Я не захотел стать на проторенную дорожку и был наказан: получил расстрел с заменой десятью годами и «центральный запрет». Значение этого термина выяснилось только впоследствии.
На все про все потребовалось около 4-х месяцев.
Только в конце апреля мы оказались в поезде, мчавшем нас в Соловки.
Ехать было очень удобно. Этап разместили не в специальных арестантских «столыпинских» вагонах, а, по «нехватке последних, — в обычных классных. Только окна были взяты в решетки, да в тамбурах стояли часовые.
У каждого была своя полка, еды вдоволь, народ очень хороший.
Я не знал своих однодельцев да и не желал их разыскивать и примкнул к группе морских офицеров, тоже высланных в Соловки. Народ все умный, бывалый, интересный!
Среди них меня особенно привлекали двое: высокий лейтенант Ростовцев, с голландской бородкой, даже в этапных условиях сохранивший почти элегантную внешность, чудесный собеседник, знаток истории морских сражений. Он ко всему относился с веселым скептизмом, хорошо рассказывал исторические анекдоты, в частности, как Нельсон, не желая отступать перед флотом противника, приставил трубку к слепому глазу и воскликнул: «Клянусь святым Патриком, я не вижу врага!» Во всем поведении и жизненной философии Ростовцева было что-то, вызывающее в памяти этот эпизод. Другой — Романов, худощавый, не очень сразу заметный, с карими спокойными глазами, лет сорока, преподаватель морского училища. Редко бывают более образованные, по-настоящему интеллигентные люди. Изъездил он полсвета, обо всем судил спокойно, широко, как будто слегка над событиями. К ним примкнул, хотя первое время робел и стеснялся, простодушный и привлекательный своей молодой застенчивостью матрос Жогин, где-то о чем-то неудачно высказавшийся и получивший, как и все, облыжно свои десять лет. Мы долго жили «коммуной» и только в Соловках попали сначала в разные бараки, а потом на разные острова.

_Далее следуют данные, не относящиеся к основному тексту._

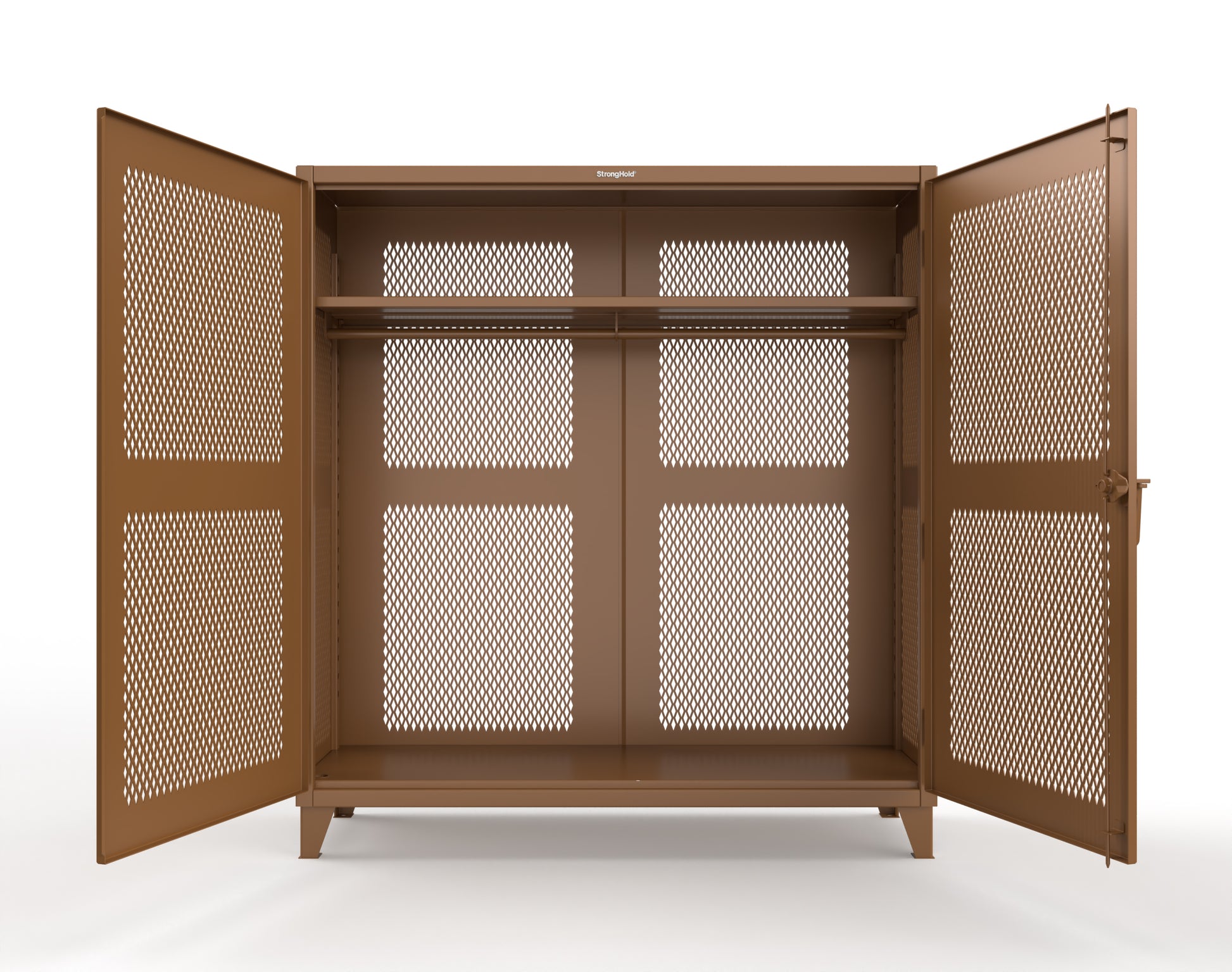Extreme Duty 12 GA Fully-Ventilated Uniform Cabinet with Hanger Rod, 1 Shelf - 72 In. W x 24 In. D x 78 In. H - 66-VBS-241WR-8008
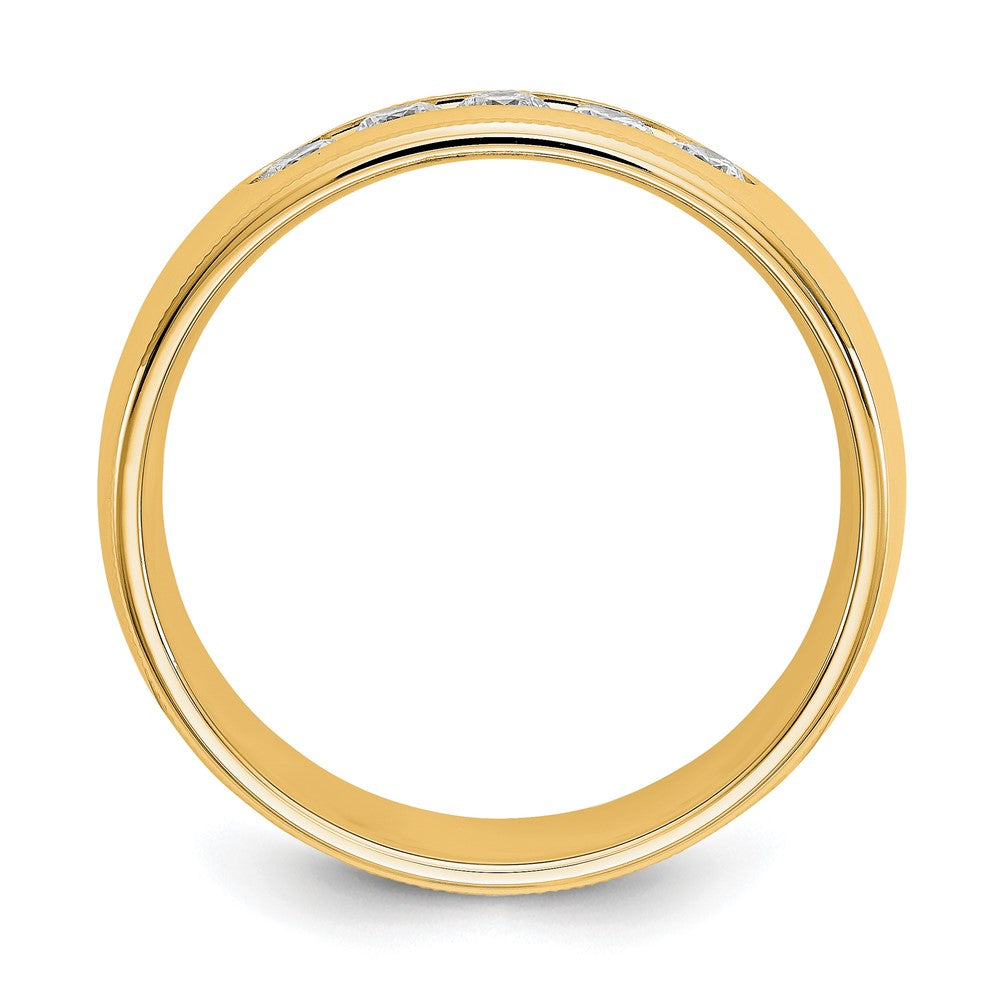 True Origin 14K Yellow Gold Men's 1/2 carat Lab Grown Diamond VS+ F+ Size 13 Complete Miligrain Wedding Band Ring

Противоположность морякам являл собой пехотный командир Чеботарев. Полный, молодой, лет тридцати с небольшим, он часто подсаживался ко мне, охал, даже плакал и говаривал:
— Нам с вами особенно тяжело, — намекая на полученные нами «вышки».

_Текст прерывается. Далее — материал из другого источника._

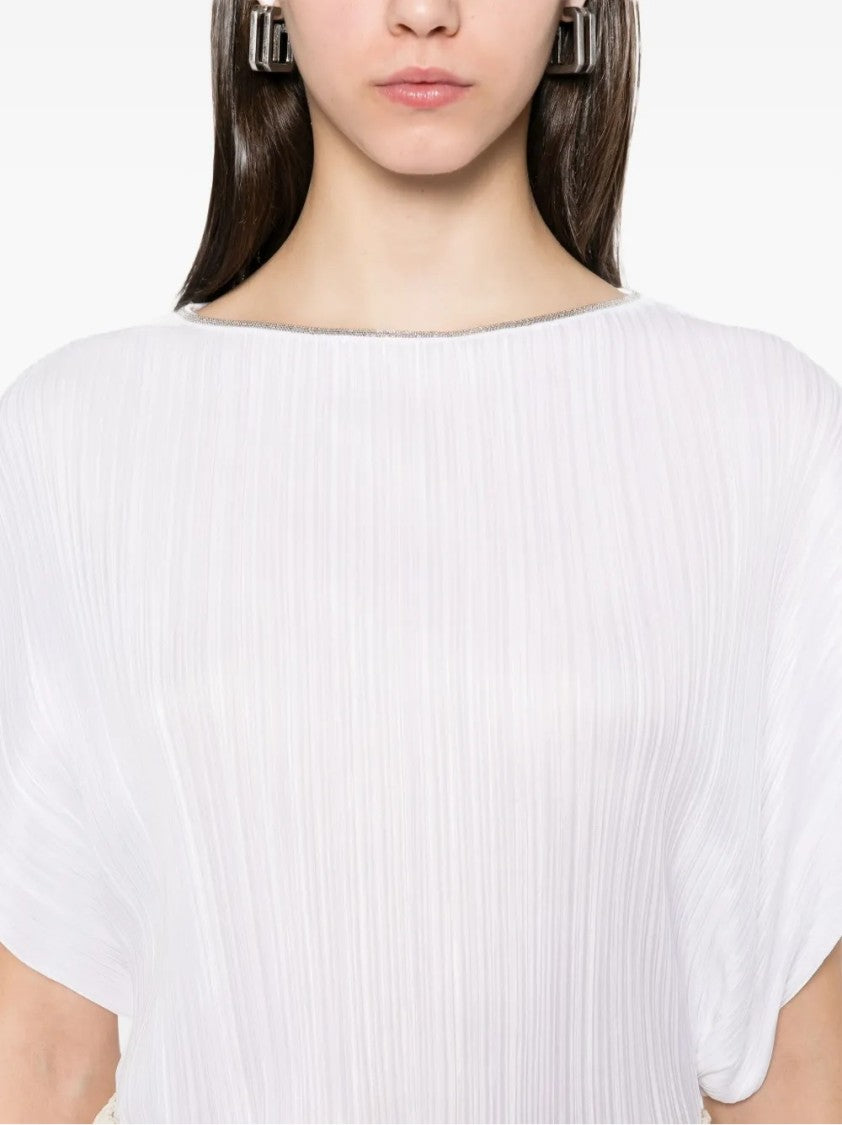 Fabiana Filippi Pleated White Top With Relaxed Silhouette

Когда я пытался выяснить, что же именно его особенно удручает, то всегда оказывалось, что дело сводится к домашнему уюту и привычной обстановке. Он утешился почти сразу по прибытии в лагерь: стал одним из командиров охраны, растолстел, грустить перестал и с простыми заключенными обращался без снисхождения. Меня при встрече не узнал.
В начале мая мы были уже на Кемском пересыльном пункте, Кемперпункте, по-лагерному.

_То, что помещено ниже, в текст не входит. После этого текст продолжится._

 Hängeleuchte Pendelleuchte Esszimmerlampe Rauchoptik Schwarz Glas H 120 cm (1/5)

Пункт имел все существенные признаки концлагеря: вышки с часовыми по углам, колючая проволока вокруг, внутри большие дощатые бараки рядами: внутри бараков — сплошные двухэтажные нары. Одним только Кемперпункт отличался от настоящего лагеря: большой текучестью населения. Все время прибывали новые партии заключенных, разъезжались на места старые.
Лагерь был расположен на голых, плоских, серых, местами поросших вереском скалах. Местность унылая, угрюмая, однообразная. Рядом за проволокой, в изумительной, особенной северной красоте расстилалось Белое море. В одном месте, в просвете между бараками, видна была уходящая в мглистую даль его какая-то до странности белесая, таинственная и до боли в сердце чарующая красота.
Лагерник, как и солдат, не живет в праздности, следующий же день нас вывели за проволоку, на работу. Я с моряками попал на «бревна». Это значило, что мы должны были вытаскивать из воды крючьями бревна, протаскивать их вверх по берегу и складывать в штабеля.
На следующий день мы перетаскивали штабеля с места на место. Работа явно носила педагогический характер. Но мы были молоды, здоровы, веселы и сыты, а чувство юмора делало нестрашной и эту работу.
Очень хорошо было то, что, начиная с Кемперпункта и при всех дальнейших продвижениях по лагерям — а было их много, — нас содержали в чистоте. Немедленно по прибытии в новое место отправляли в баню, шпарили и жарили верхнюю одежду, меняли белье. Несколько раз в начале лагерной жизни выходило так, что эти процедуры случались по два раза в день, и остряки называли это «пытка баней».
Здесь от живых свидетелей мы наслышались о недавнем соловецком прошлом, о 29-м годе. О том, как вновь прибывающих встречали фразой:, «Здесь республика не Советская, а Соловецкая», и: «Вы присланы сюда не для исправления, а для уничтожения». О том, как ставили людей зимой переливать ведрами воду в море из одной проруби в другую, «пока все не перельете», как сажали людей спать на жердочках, заставляя держаться руками за приделанные сверху лямки, как впрягали их в сани и гнали и погоняли до конца… и о многом другом таком же.